# IBEW Apprentice Interview



## Johncin (May 5, 2011)

mcubbage89 said:


> So I passed the aptitude test and now the interview is in 1 week. Any suggestions on doing well with that? I know no one will have any specific answers, but what kind of answers will they be looking for? I also have a letter of recommendation from my boss. Also should I wear a suit? or will that make me look TOO eager? There's only 150 people being takin in so I need to score high on this interview. Thanks in advance!

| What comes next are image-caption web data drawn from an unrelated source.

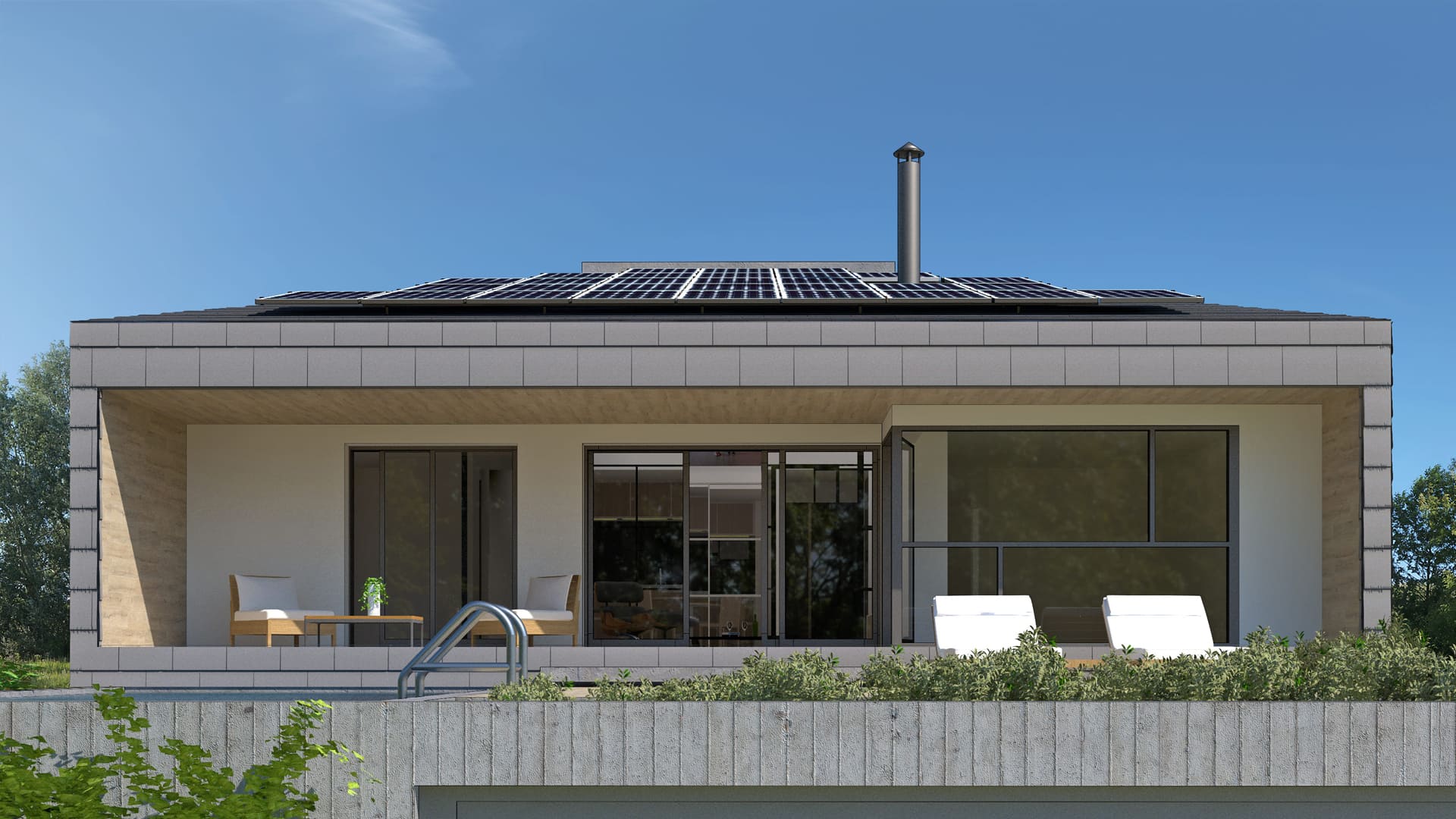 Diseño de casa con tejado a cuatro aguas y paneles solares en España Casa simétrica con paneles solares, revestida con tejas cerámicas planas color gris y terraza jardín con piscina enfrente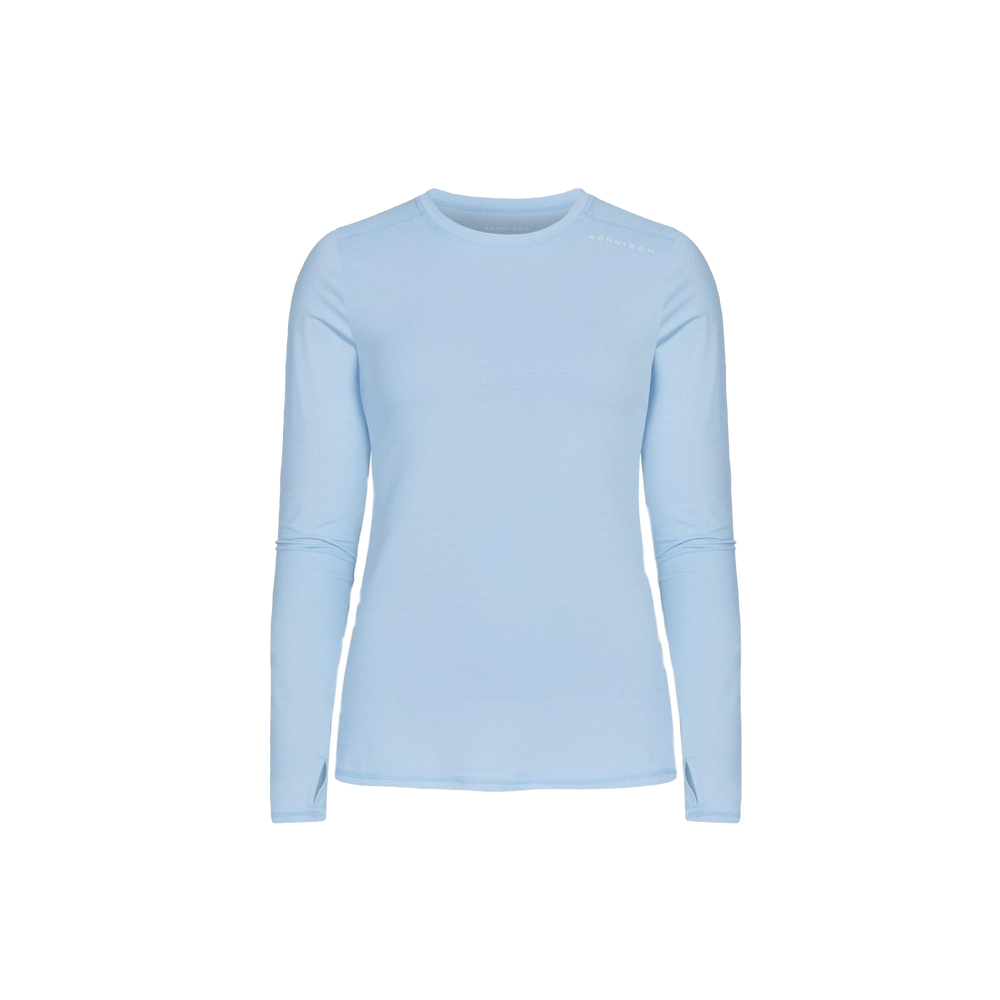The Rohnisch Jacquard Long Sleeve Tee is a light blue crew neck shirt, viewed from the front on a plain white background, featuring a simple and minimal design made from recycled polyester with moisture-wicking properties.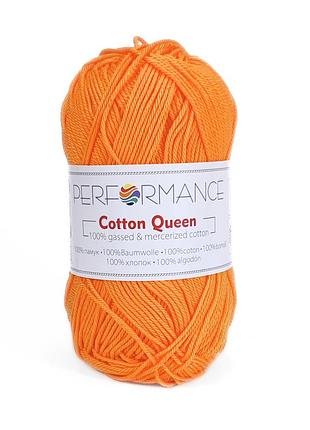 Пряжа cotton queen/коттон квин, оранжевый 2082, performance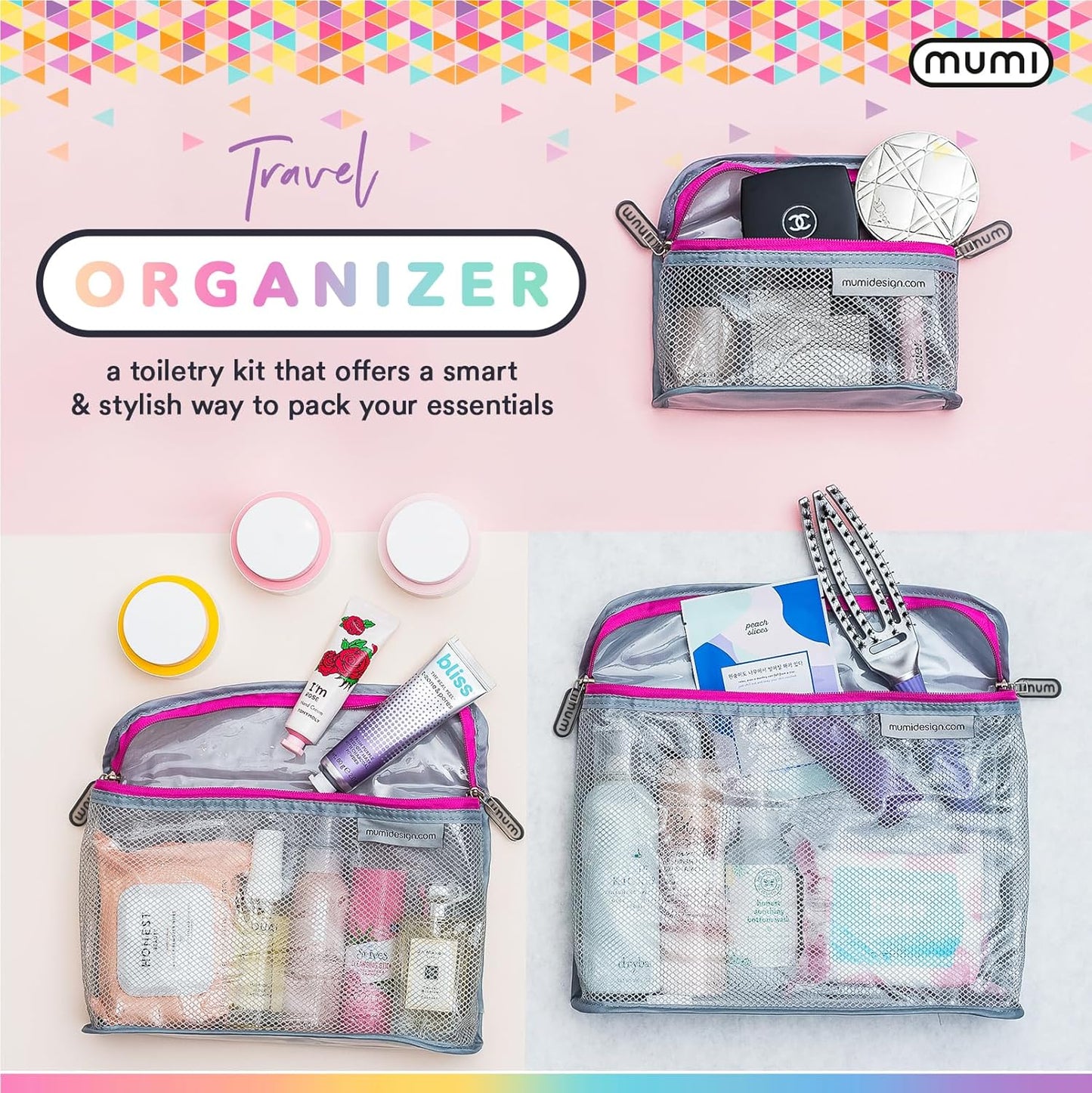 MUMI Travel Toiletry Bag Set of 3 – Clear TSA Approved Toiletry Bags for Women – Reusable Water-Resistant Makeup Organizer Pouches for Skincare, Cosmetics, Travel Accessories, Airport Packing - Aqua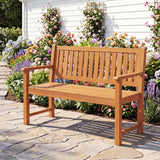 2-Seater Outdoor Wooden Bench with Backrest and Armrests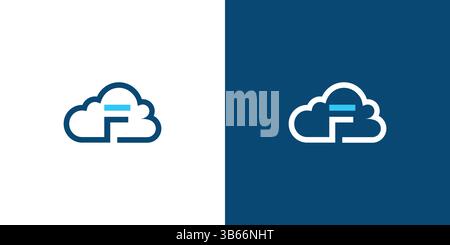 Unique and attractive F cloud logo design Stock Vector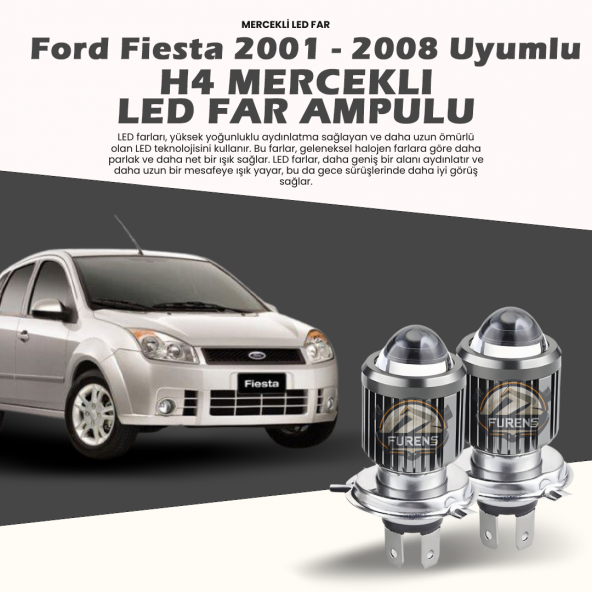 Ford Fıesta Mercek Led Xenon Uyumlu Uzun - Kısa Far Ampulü Çift Renk ürün görseli 1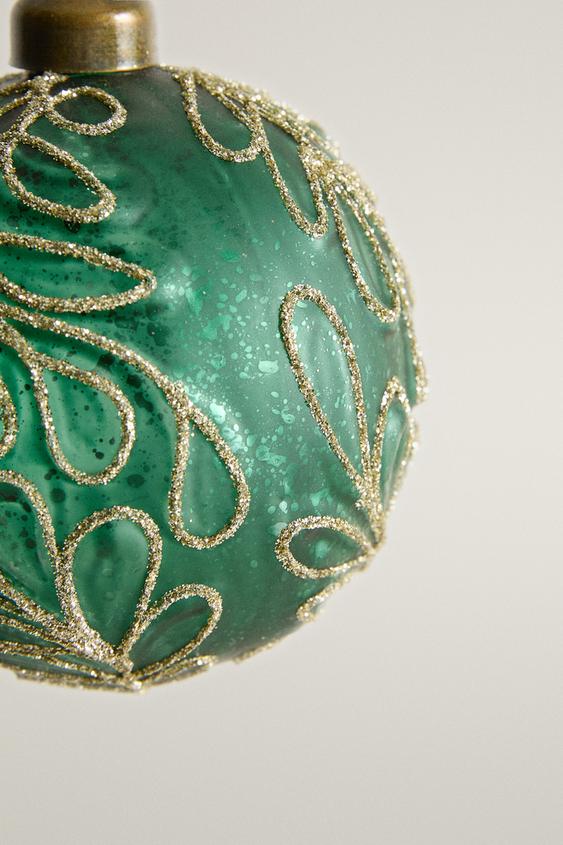 ORNEMENT BOULE VERRE FEUILLES NOËL - Vert | ZARA France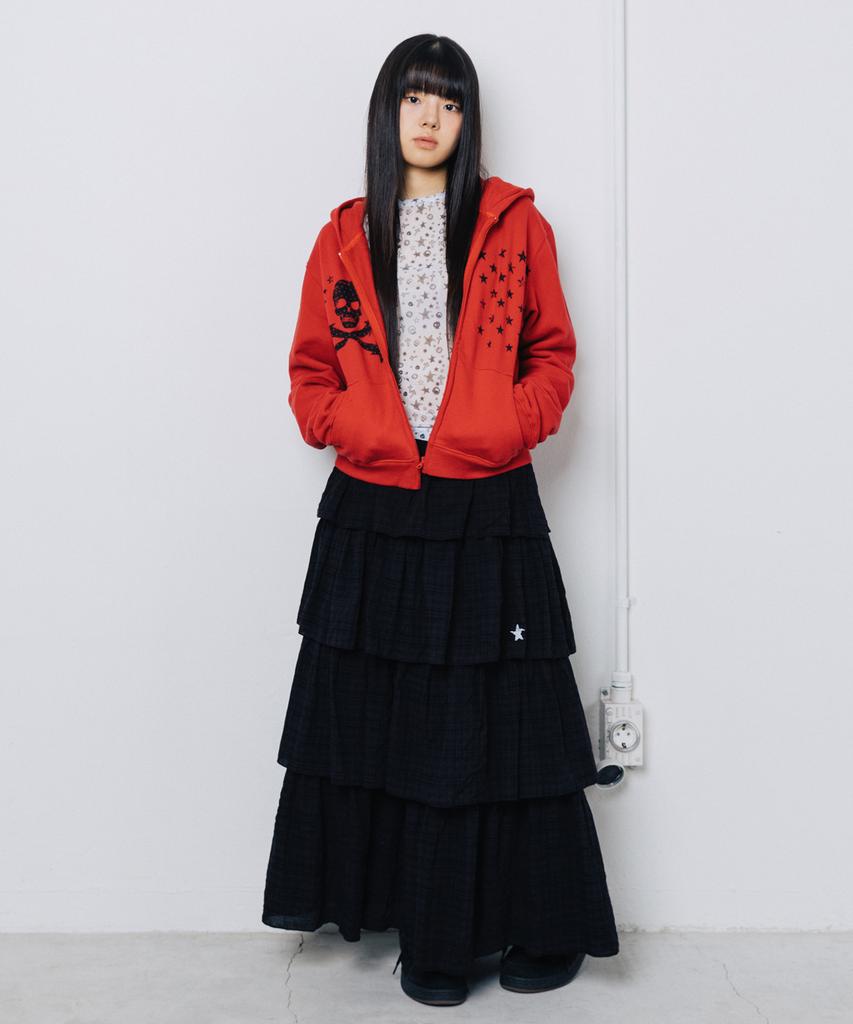 Web House Twister Check Tiered Skirt - Black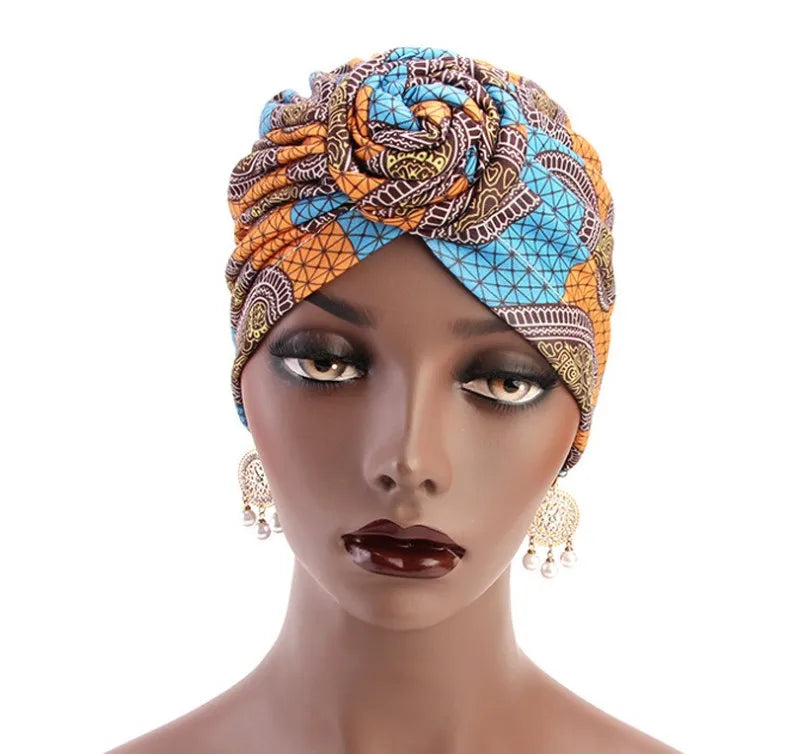 Women Turban African Pattern Headwrap Colorful Printed Pre-Tied Flower Knot Bonnet Hat for Women Girls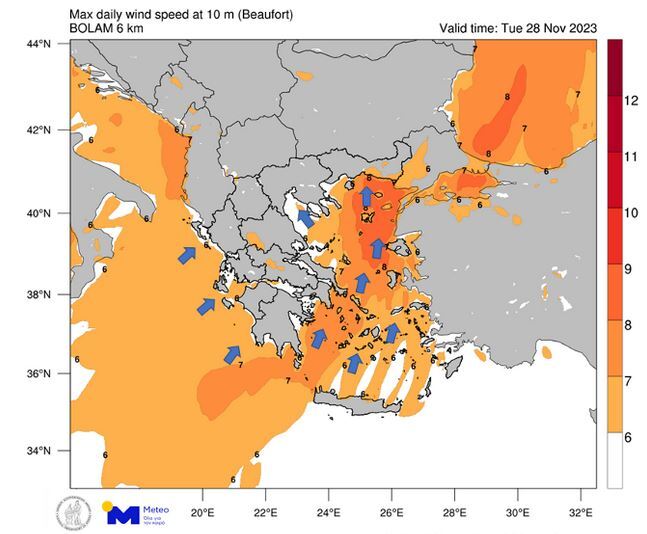 Χάρτης 2. Οι εκτιμώμενες μέγιστες εντάσεις και διευθύνσεις των ανέμων την Τρίτη 28/11/2023, όπως υπολογίστηκε από το αριθμητικό μοντέλο πρόγνωσης καιρού του meteo.gr / Εθνικού Αστεροσκοπείου Αθηνών.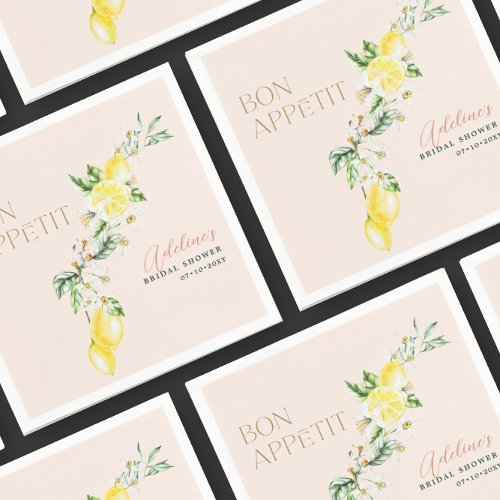 Lemon Citrus Soft Blush Main Squeeze Bridal Shower Napkins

No suit...maybe if it were for an office job. I know a guy on the committee in my area and jeans is good. At least for my area you should look like you're ready to work. In my area very very few get in on the first interview. Ask for their suggestions about what you could do in case you're not chosen this time around. Usually it's work fir a non union contractor or school until the next interviewing period. Your application should be open for 2 years so you won't have to reapply. Just keeping it real w you. Don't give up though if you don't get in on the first interview. It may be different in your area but that's how my area is


----------



## brian john (Mar 11, 2007)

I was told once by an interviewer, some of the best dressed men come off as too slick. One of the best was a young man that came in for a late afternoon interview all dirty wire eze on his shirt and pants.

The young man apologized but said they had a big pull set for early in the AM and every man was needed. He stayed for the pull then hauled his buns to the interview.

Dress like you are going to work in a blue collar trade. Slacks and polo shirt.

Be polite and professional, not cocky, answer honestly. (honestly within reason)


----------